Das gesamte Programm wird von einer Mitarbeiterin der E-Control geleitet und ständig weiterentwickelt. Insbesondere das Peer-Coaching-Programm hat nach bereits mehreren Durchläufen einen hohen Reifegrad erreicht, wodurch Frauen weltweit zusammengebracht und unterstützt werden.
Das gleichnamige „Women in Energy“-Programm von CEER setzt gezielt auf die Förderung weiblicher Fach- und Führungskräfte im europäischen Energiesektor und hat dafür eine eigene Charta, ein Logo und spezifische Formate entwickelt.

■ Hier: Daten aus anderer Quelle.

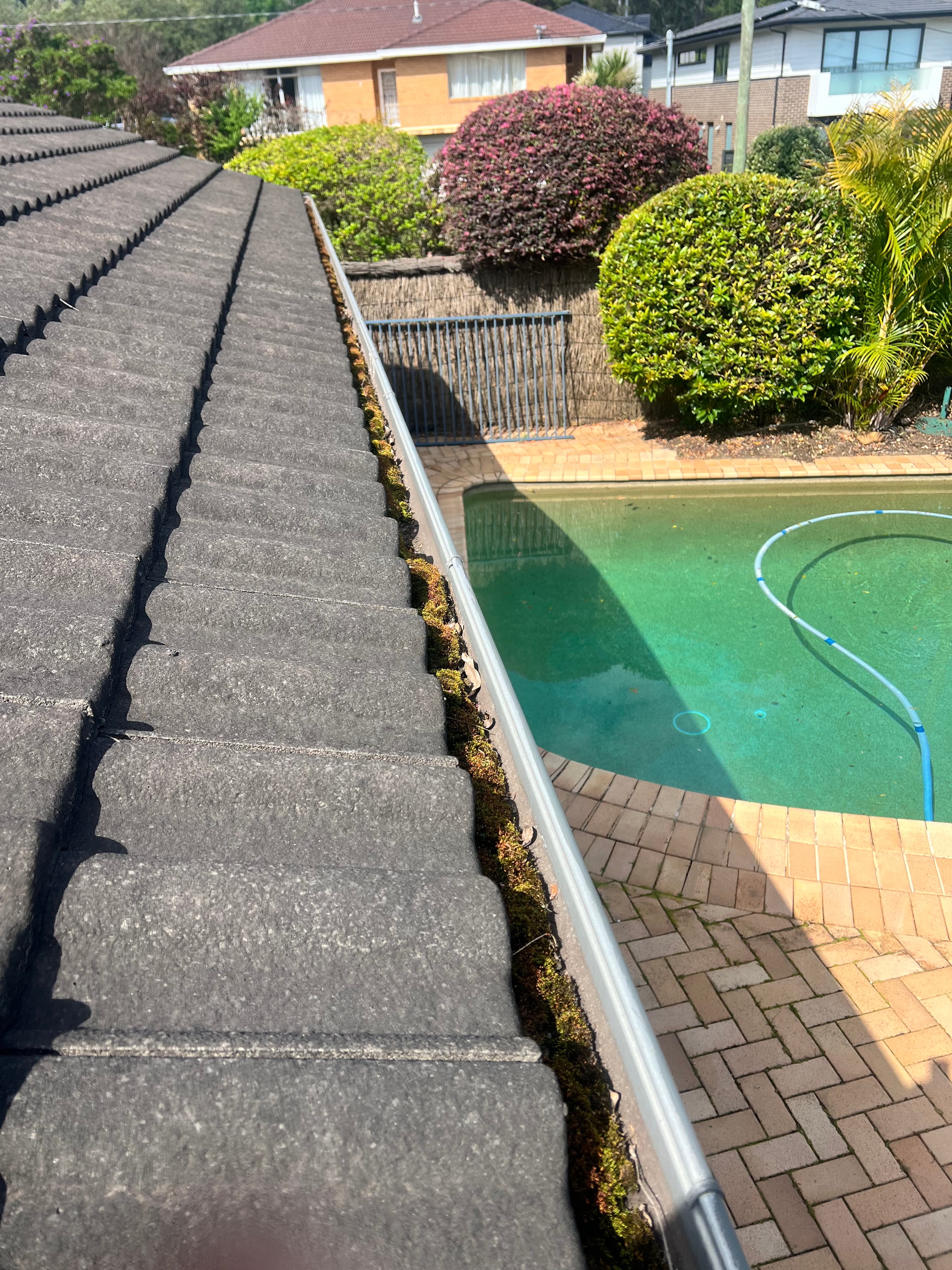 Gutters before cleaning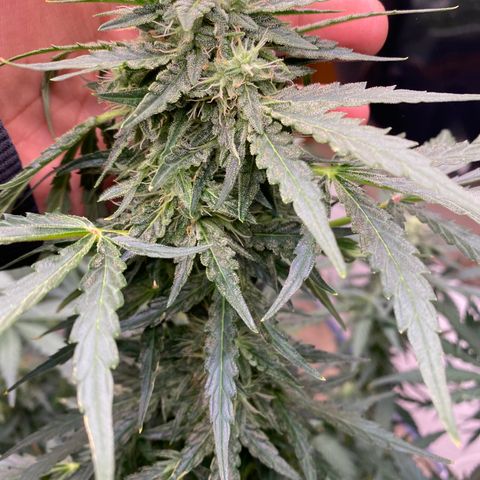 Hidro AK #2 growlog timeline photo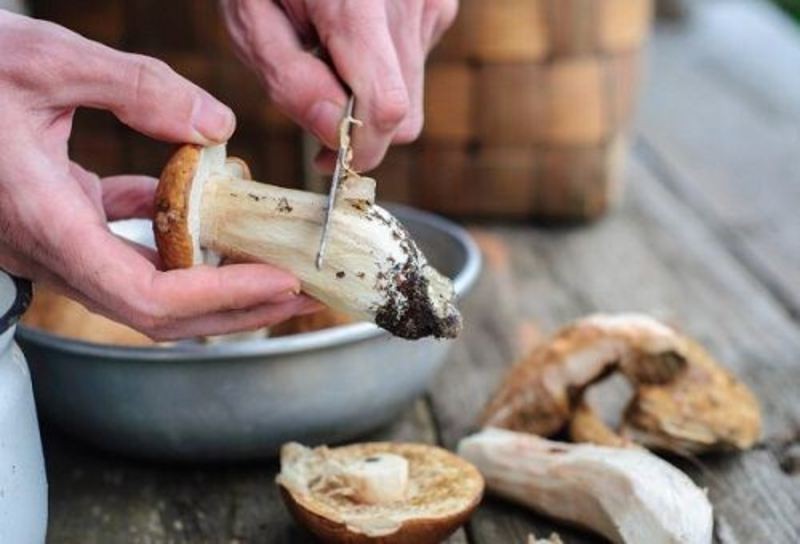 Как чистить грибы вешенки: фото, видео и советы по очистке грибов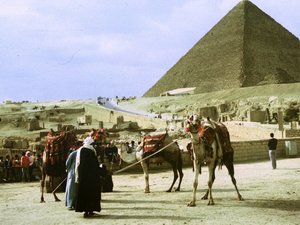 Giza ( الجيزة)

Die Charta steht für das Bekenntnis zu Chancengleichheit und Diversität in der Energiebranche. Das Logo symbolisiert öffentlichkeitswirksam die Werte und Ziele der Initiative. Im Rahmen des Programms werden regelmäßig Events, Netzwerktreffen und Workshops angeboten, die den Austausch und die gegenseitige Unterstützung stärken.
CEER hat zudem eine Erhebung zum Status von Frauen in europäischen Regulierungsbehörden durchgeführt, um den aktuellen Stand, Herausforderungen sowie Fortschritte sichtbar zu machen. Die Erkenntnisse daraus fließen direkt in die Weiterentwicklung der Programme und Maßnahmen ein. Die Initiative will damit nicht nur die individuelle Karriereentwicklung ermöglichen, sondern auch strukturelle Veränderungen zur Erhöhung des Frauenanteils im Energiesektor vorantreiben.
Auch das Frauenförderungsprogramm von ERRA verfolgt das Ziel, weibliche Führungspersönlichkeiten im Energiesektor stärker sichtbar zu machen und zu vernetzen. Im Rahmen der Initiativen veranstaltet ERRA regelmäßig Webinare und Diskussionsrunden (so etwa am 8. März, dem Internationalen Frauentag, als Teil der Reihe „Women in the Energy Sector – My Career Story“). Dabei stehen persönliche Karrierewege, Erfolgsgeschichten und konkrete Tipps von erfahrenen Frauen aus der Energiewirtschaft im Mittelpunkt, um Inspiration, Empowerment und gegenseitige Unterstützung zu fördern. Zusätzlich führt ERRA begleitende Umfragen und Erhebungen durch, um Herausforderungen für Frauen im Energiesektor besser zu verstehen und gezielt anzugehen.
Individuell sind außerdem einige Mitarbeiterinnen der E-Control Teil von Frauenförderungsnetzwerken, so z.B. dem OVE Fem in Österreich.